Noir et dense, crépusculaire même, lourd comme peut l’être l’atmosphère d’une ville empoisonnée par des meurtres en série qui ne sont que le reflet de ses propres maux, le roman d’Ellory pose la question cruciale de l’inévitable comptabilité des fautes inexpiables, celles des pères, du poids du pêché des aïeux qui pèse sans fin sur les générations suivantes. 

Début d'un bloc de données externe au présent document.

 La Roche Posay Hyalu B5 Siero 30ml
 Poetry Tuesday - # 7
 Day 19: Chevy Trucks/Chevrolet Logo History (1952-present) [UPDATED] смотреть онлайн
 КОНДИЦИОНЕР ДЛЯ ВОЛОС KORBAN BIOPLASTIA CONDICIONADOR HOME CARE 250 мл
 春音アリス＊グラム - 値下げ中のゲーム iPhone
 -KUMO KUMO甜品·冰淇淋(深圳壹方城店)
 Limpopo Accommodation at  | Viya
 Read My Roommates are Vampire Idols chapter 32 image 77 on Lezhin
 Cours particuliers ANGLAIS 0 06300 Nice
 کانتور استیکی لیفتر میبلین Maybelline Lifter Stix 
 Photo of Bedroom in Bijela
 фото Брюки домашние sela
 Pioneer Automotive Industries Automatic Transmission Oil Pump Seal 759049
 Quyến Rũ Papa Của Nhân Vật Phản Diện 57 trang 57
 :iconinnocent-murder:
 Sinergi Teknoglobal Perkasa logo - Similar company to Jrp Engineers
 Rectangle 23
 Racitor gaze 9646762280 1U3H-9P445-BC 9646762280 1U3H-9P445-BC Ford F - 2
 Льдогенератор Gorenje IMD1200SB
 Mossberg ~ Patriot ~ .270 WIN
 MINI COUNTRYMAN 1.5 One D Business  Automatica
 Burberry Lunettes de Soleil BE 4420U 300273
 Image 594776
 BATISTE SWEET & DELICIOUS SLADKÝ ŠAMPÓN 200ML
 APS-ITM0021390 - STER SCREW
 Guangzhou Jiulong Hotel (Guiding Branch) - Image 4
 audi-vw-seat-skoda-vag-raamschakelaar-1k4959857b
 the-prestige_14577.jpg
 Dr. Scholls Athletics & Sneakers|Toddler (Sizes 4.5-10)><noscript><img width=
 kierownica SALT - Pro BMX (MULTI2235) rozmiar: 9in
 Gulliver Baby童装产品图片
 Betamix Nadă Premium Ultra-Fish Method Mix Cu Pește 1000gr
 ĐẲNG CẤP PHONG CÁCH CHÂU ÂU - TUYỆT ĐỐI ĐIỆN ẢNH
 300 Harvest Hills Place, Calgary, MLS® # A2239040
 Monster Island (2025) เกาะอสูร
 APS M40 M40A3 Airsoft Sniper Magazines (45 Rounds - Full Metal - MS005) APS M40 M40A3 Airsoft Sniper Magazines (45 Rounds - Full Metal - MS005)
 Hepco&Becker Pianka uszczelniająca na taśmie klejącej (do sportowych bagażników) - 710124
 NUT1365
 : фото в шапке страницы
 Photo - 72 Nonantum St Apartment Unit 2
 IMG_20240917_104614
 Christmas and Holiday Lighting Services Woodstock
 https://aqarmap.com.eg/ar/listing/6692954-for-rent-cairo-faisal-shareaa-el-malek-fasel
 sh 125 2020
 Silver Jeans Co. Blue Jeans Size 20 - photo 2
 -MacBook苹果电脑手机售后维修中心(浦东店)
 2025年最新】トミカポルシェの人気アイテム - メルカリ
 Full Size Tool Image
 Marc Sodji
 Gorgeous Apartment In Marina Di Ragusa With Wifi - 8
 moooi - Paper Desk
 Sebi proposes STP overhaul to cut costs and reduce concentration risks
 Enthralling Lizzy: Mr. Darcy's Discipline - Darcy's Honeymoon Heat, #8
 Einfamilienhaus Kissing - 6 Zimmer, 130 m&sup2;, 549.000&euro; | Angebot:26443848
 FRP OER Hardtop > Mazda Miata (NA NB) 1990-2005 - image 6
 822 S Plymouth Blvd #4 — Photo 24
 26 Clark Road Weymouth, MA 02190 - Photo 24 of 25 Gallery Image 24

La mort rôde, des adolescentes disparaissent l’une après l’autre, une sombre affaire de snuff movies, puis des meurtres. Mais du fond de son abîme, chacune des victimes regarde Parrish. Dans ses élans désespérés et vains d’humanité, lui ne veut pas laisser seuls sur le lieu du crime les corps frêles et sans vie, avant l’arrivée du coroner. Ils lui évoquent, ces corps, sa propre fille, Caitlin, comme un «?rappel que si personne ne faisait attention à vous, si personne ne gardait un œil sur vous, alors le monde et toutes ses merveilles vous dévoreraient en un clin d’œil. “Vous étiez là, puis soudain vous étiez parti.“?» - «?A reminder that if there was no one there to look after you, no one to keep an eye on things, then the world and all its wonders would devour you in a heartbeat. “You were there, and then you were gone.“?» 


 
 
C’est que cette sainteté-là est aussi une tentation, elle met la barre trop haut. Et qui veut faire l’ange fait la bête.